Huit universités, dont celles d’Amiens et de Lille, et une centaine de chercheurs se regroupent pour lancer un réseau de recherche sur le racisme et l’antisémitisme
- Une centaine de chercheurs issus de huit universités, dont celles d’Amiens et de Lille, lance un Réseau de recherche sur le racisme et l’antisémitisme (RRA).
- Ce réseau est qu’il va fédérer beaucoup de disciplines différentes : l’histoire, la sociologie, la psychanalyse, les sciences de l’éducation, le droit…
Propos recueillis par Gilles Durand et publiés sur le site 20minutes.fr , le 19 11 2019
L’historienne Martine Benoit est référente sur le sujet du racisme, à l’université de Lille.

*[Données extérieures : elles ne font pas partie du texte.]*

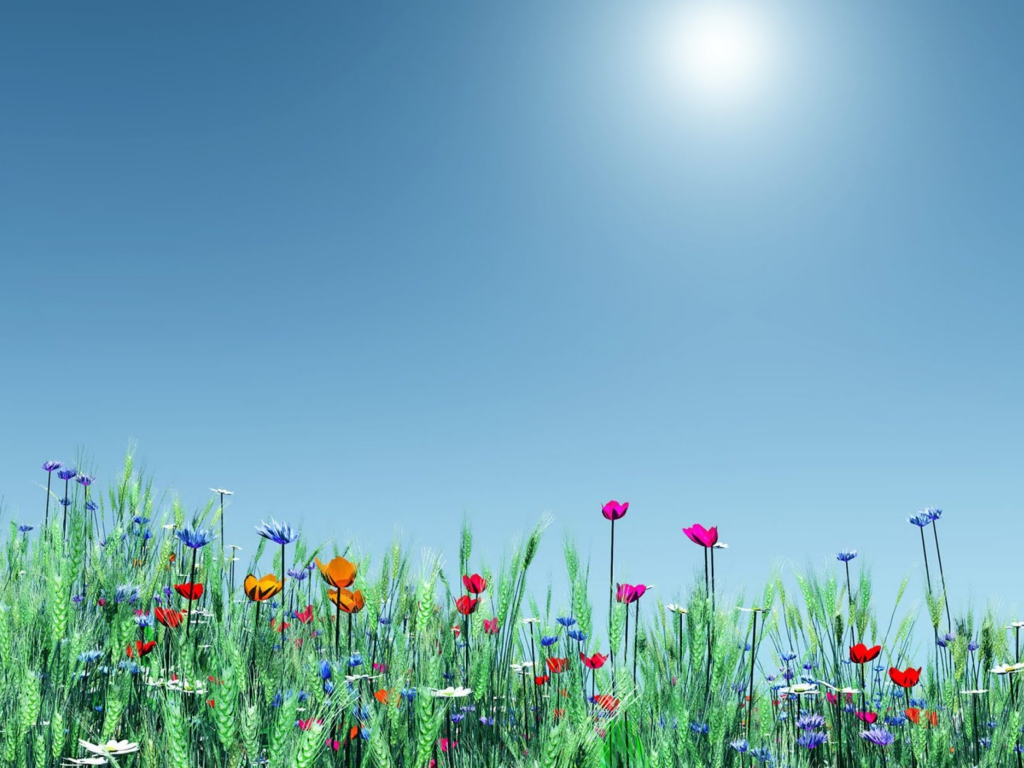 Screenshot №1 pro téma Spring Flowers 1024x768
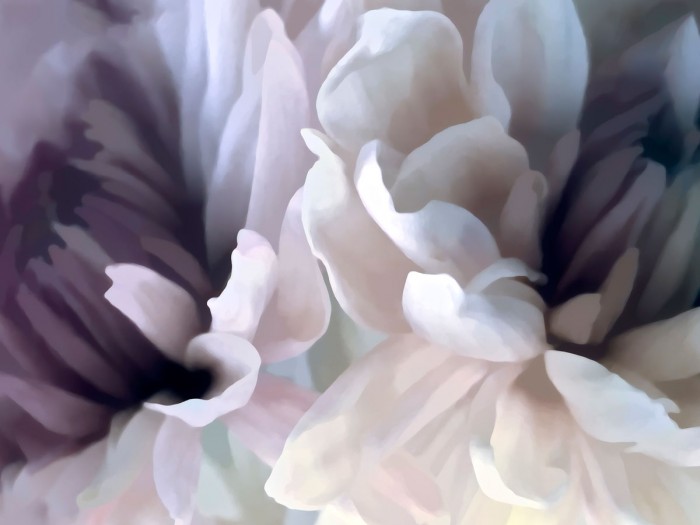 Chrysanthemum X by David Pollard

D’où vient la haine de l’autre? Mercredi sera officiellement lancé, à Lille, le Réseau de recherche sur le racisme et l’antisémitisme (RRA) qui va réunir une centaine de chercheurs issus de huit universités, dont celles d’Amiens –qui est pilote – et de Lille. Entretien avec la germaniste Martine Benoit.
Pourquoi avoir mis en place ce réseau ?
En 2015, le ministère a proposé aux universités de nommer des référents racisme et antisémitisme. Comme chercheurs, nous avons souhaité renforcer cet engagement universitaire par un réseau d’échanges entre universités. Ce réseau a l’avantage de fédérer beaucoup de disciplines : l’histoire, la sociologie, la psychanalyse, les sciences de l’éducation, le droit…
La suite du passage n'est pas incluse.